Just got back from Sharpblades shop where I picked up that beauty of a knife he made and donated. Pictures do not do this knife justice.

Thanks again, Raleigh. Good to set a spell and talk with you.


----------



## Dennis (May 31, 2013)

TNGIRL said:


> We still plan on making it.....can we request cool temps?????



I to would like it on the cool side with no knats!!!!!!!!!!!


----------



## dpoole (Jun 1, 2013)

TNGIRL said:


> We still plan on making it.....can we request cool temps?????



sure you can request cool temp' targets sitting in the wide open ; a cool breeze,no gnats,and anything else you want. Don't mean it is gona happen


----------



## RPM (Jun 5, 2013)

It will be good to see you folks after this week!


----------



## Jake Allen (Jun 6, 2013)

RPM said:


> It will be good to see you folks after this week!


 I agree.

The shoot and fund raiser is on this Saturday! Ya'll come. Hatchett Dan and I did some fine tuning on the turbo hog last yesterday evening. Cool target, I bet you will like it.


----------



## TNGIRL (Jun 6, 2013)

Jake Allen said:


> I agree.
> 
> The shoot and fund raiser is on this Saturday! Ya'll come. Hatchett Dan and I did some fine tuning on the turbo hog last yesterday evening. Cool target, I bet you will like it.



nu huh.......    No No:


----------



## Muddyfoots (Jun 6, 2013)

We hope that those of you that can, will join us for a great day of fellowship, friends and shooting.

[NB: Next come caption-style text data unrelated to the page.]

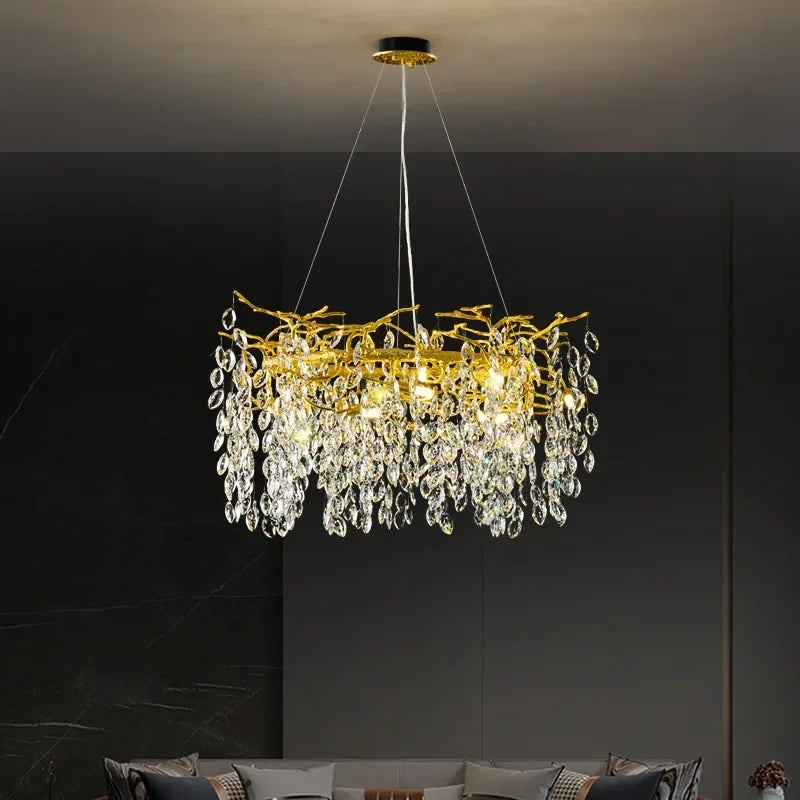 Gold Crystal Tree Chandelier 9-Light Aluminum
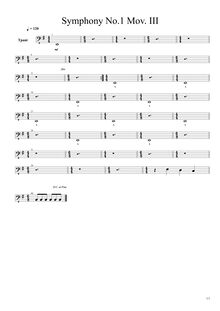 Partition timbales Mov. III, Symphony No.1 en E minor, E minor, Chase, Alex
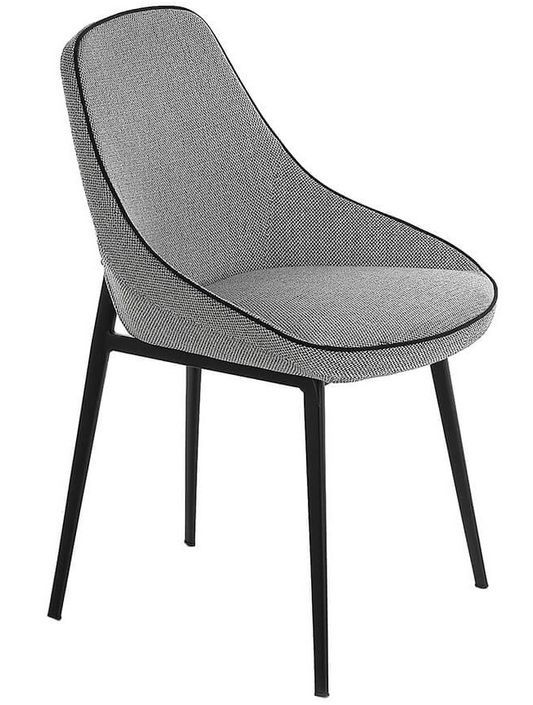 Chaise en tissu gris et pieds en acier noir Kabesa - Lot de 2 - Photo n°1
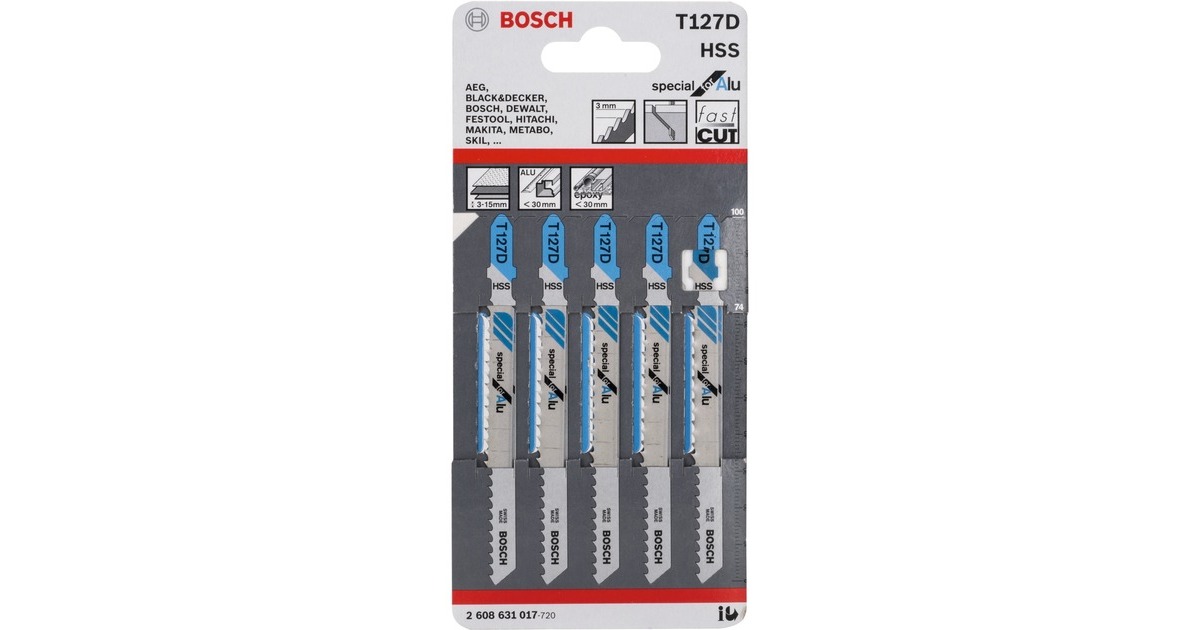 Bosch Stichsägeblatt T 127 D Special for Alu, 100mm(5 Stück)
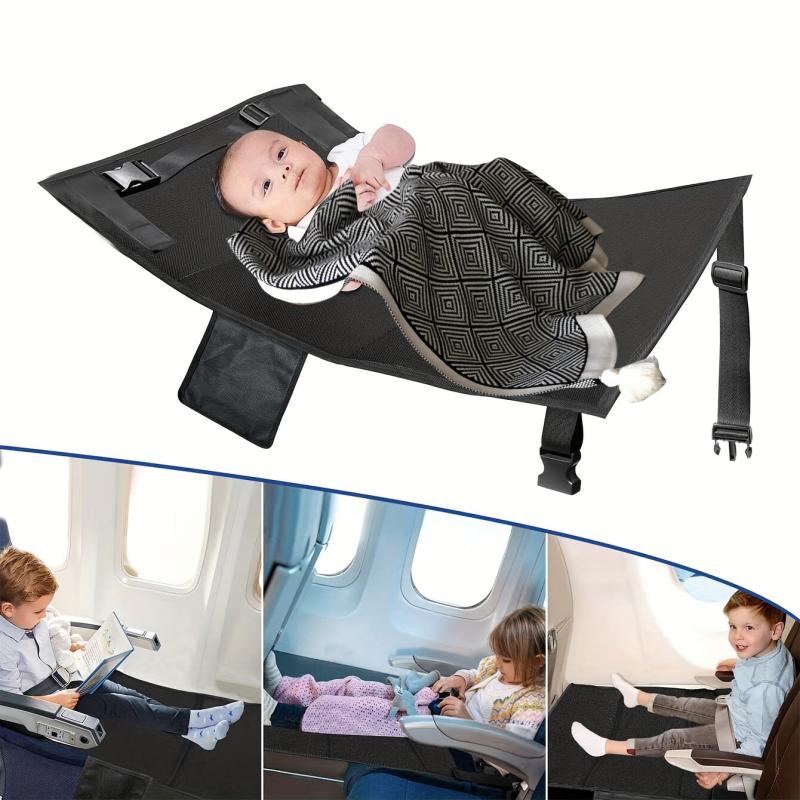 Gray Polyester Airplane Footrest Kids' Seat Extension Cushion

We will get kicked off around 8a.m. and go til whenever it's too dark that the flashlights won't shine.

Drawings begin at 1:00.

We hope you will join us.

A side note: The "Iron Man" should be "special"...


----------



## dutchman (Jun 6, 2013)

See y'all Saturday.


----------



## Barry Duggan (Jun 7, 2013)

TNGIRL said:


> Jeff and I plan to be there.
> We have "lunch duties" that day.



What's on the menu? Hope it ain't them leaf lettuce sandwiches dpoole was talking about a while back.


----------



## dpoole (Jun 7, 2013)

Barry Duggan said:


> What's on the menu? Hope it ain't them leaf lettuce sandwiches dpoole was talking about a while back.



HAMPTON IS INVOLVED WITH THE MEALBUT WE HAVE BUFORN THE SAME FELLOW THAT COOKED THE RIBS GONA COOK UP SOMETHING  ALSO


----------



## bam_bam (Jun 7, 2013)

Cant wait!!!!


----------



## Jake Allen (Jun 7, 2013)

A few things from Paul ReDavid;  
Thank you Paul. Your generous nature is inspiring.


----------



## RPM (Jun 7, 2013)

Paul is unreal!
Great guy and great family.


----------



## TNGIRL (Jun 7, 2013)

the pink fletchings made my fingers twitch......


----------



## mommabear (Jun 7, 2013)

Sent our donation down on Monday via mail.  Hoping it makes it ok.  My husband, Casey (woodswalker), knapped the arrowheads after learning the skill last month at the Tennessee Classic.  The arrowheads are mounted on leather and then framed in a small, reclaimed, antique cabinet door.  Hope it helps!


----------



## RPM (Jun 7, 2013)

NICE!
A fast learner.


----------



## Muddyfoots (Jun 7, 2013)

See y'all tomorrow and thanks to all who have been gracious enough to donate items. We really appreciate it.


----------



## hogdgz (Jun 7, 2013)

I am really thinking about coming. I havent had time to shoot at all and I am ready to start sklinging some arrows again if my shoulder will hold up. I have had bad problems with my rotator cup here lately. Maybe it will hold up.


----------



## Al33 (Jun 7, 2013)

mommabear said:


> Sent our donation down on Monday via mail.  Hoping it makes it ok.  My husband, Casey (woodswalker), knapped the arrowheads after learning the skill last month at the Tennessee Classic.  The arrowheads are mounted on leather and then framed in a small, reclaimed, antique cabinet door.  Hope it helps!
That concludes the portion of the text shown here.